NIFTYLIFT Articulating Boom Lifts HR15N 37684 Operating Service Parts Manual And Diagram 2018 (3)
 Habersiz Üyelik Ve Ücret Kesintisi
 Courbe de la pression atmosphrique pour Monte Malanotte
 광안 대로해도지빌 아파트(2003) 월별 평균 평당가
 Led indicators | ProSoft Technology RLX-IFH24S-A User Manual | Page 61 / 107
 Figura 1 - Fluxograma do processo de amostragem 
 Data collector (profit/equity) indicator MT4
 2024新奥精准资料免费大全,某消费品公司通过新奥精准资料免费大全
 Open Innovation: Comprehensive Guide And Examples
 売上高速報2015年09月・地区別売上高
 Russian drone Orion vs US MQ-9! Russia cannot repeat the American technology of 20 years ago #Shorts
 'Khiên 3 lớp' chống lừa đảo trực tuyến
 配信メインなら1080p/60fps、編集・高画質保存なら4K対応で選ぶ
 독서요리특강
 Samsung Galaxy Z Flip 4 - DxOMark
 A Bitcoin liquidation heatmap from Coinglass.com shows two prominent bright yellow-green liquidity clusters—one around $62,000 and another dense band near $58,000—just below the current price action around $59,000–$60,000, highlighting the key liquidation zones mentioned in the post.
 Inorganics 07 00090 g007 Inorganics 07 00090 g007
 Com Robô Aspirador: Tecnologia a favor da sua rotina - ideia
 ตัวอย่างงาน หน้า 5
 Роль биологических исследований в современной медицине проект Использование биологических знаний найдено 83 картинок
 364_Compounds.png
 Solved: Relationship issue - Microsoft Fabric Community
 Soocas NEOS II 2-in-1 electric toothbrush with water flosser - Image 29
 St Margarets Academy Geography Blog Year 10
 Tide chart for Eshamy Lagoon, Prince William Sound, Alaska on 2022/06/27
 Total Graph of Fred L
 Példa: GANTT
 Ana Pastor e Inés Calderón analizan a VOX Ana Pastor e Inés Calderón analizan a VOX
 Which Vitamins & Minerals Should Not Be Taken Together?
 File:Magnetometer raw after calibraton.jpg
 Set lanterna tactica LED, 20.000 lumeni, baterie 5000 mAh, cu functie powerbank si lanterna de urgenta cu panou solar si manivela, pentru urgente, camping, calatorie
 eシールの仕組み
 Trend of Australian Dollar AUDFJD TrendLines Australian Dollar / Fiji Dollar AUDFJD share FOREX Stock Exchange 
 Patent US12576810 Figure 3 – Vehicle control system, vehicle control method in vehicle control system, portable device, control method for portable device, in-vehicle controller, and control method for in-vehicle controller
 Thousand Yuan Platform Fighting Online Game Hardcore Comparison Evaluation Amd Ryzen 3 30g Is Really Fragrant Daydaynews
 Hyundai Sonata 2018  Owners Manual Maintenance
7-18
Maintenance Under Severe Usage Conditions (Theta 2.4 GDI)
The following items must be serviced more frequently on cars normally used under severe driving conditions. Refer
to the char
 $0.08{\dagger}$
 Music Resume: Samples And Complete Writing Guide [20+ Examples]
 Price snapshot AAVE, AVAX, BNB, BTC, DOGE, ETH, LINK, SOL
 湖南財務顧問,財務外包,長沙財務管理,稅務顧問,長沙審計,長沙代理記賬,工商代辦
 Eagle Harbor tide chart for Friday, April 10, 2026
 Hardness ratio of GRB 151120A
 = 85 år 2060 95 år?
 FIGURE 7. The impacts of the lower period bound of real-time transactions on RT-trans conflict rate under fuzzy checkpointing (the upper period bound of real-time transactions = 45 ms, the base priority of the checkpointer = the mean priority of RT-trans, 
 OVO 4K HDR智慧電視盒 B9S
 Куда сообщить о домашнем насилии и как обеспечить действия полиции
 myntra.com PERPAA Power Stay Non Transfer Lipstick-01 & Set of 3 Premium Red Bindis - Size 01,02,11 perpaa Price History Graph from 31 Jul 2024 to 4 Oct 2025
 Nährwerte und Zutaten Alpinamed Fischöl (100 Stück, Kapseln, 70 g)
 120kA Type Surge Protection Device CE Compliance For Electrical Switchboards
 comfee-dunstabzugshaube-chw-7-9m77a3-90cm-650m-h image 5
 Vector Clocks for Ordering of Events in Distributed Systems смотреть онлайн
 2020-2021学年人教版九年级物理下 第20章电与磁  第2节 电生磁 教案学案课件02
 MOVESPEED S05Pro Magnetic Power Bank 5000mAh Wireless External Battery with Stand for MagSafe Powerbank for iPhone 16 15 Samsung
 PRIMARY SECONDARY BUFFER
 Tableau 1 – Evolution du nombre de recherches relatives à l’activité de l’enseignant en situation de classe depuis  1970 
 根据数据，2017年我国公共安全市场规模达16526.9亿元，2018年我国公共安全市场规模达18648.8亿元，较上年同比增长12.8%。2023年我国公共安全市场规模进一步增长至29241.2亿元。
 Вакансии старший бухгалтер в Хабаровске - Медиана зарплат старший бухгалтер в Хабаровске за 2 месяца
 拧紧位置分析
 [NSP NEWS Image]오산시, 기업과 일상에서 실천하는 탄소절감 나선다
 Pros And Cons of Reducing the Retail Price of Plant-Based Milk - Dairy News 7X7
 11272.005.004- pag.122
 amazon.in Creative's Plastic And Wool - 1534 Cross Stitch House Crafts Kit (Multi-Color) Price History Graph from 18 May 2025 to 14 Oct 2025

Work item: Please state how many lines of the material contain the word "from", giving the number alone.

Exercise output: 3